Highfield Road 1999-05, Coventry City, Jason Scott Tilley
Highfield Road 1999-05 | Jason Scott Tilley © Lower Block

A photographic record of Highfield Road in its final years, this Lower Block Edition documents the everyday spaces, people, and rituals that shaped life in and around Coventry City’s historic home before it disappeared.

The photographs were taken by Jason Scott Tilley, a lifelong Coventry City supporter and former local newspaper photographer. Growing up close enough to hear the roar of the crowd drifting across the city on Saturday afternoons, Tilley’s relationship with the club began long before he ever picked up a camera. That proximity shaped both his loyalty to Coventry and his instinct to observe football as lived experience – something felt on streets, terraces, and touchlines, not just played on the pitch.

Tilley worked as a press photographer for the Coventry Evening Telegraph and The Pink, gaining rare access to the ground during an era when photographers operated inches from the action and football culture was deeply local. His background in regional press photography informs the approach here: direct, unembellished, and grounded in routine. These images were made during Coventry City’s final seasons at Highfield Road, capturing a ground still functioning as it always had, without ceremony or nostalgia, and the streets, shops and pubs as familiar as the faces that frequented them.

Highfield Road was home to Coventry City from 1899 until 2005. For more than a century it stood at the centre of the club’s identity, woven into the daily life of the surrounding community. The stadium was demolished in 2006, replaced by housing, severing a physical link that had passed through generations of supporters.

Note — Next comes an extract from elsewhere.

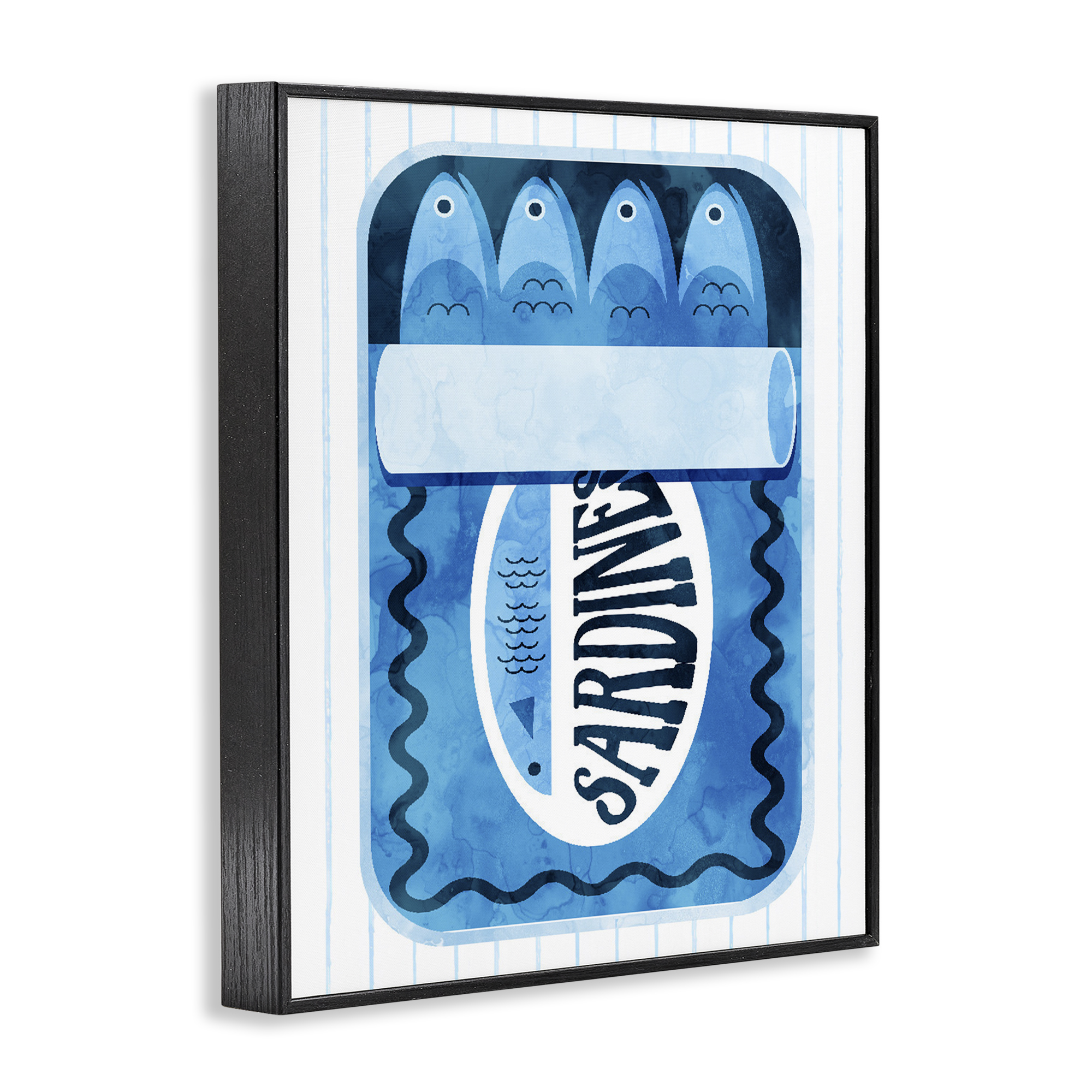 Blue Sardine Tin Over Stripes Black Framed Giclee Art, design by Daphne Polselli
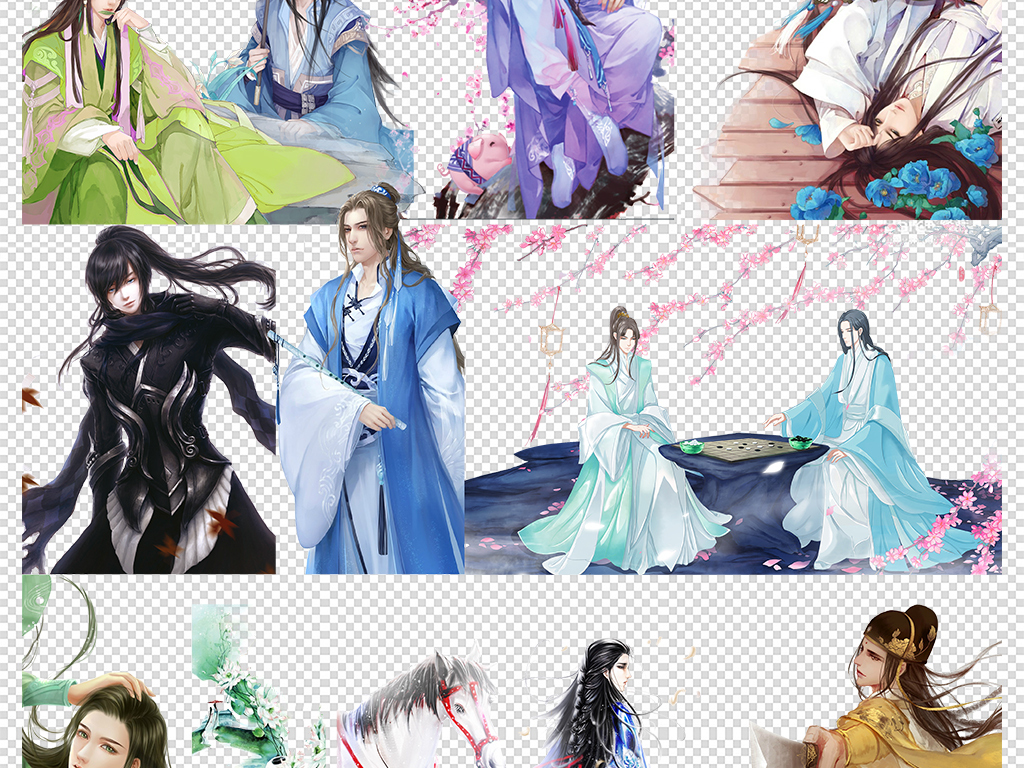 插画古风男子古装帅哥剑侠政客png免扣素材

This limited edition A5 photo zine brings together 38 black and white photographs across 44 pages. Shot in the closing years of the ground’s life, the work focuses on community and atmosphere rather than final scores or outcome – floodlights, crowds, routines, and quiet moments repeated week after week. What emerges is not a memorial, but a clear-eyed record of a place at the end of its working life, seen by someone who belonged to it.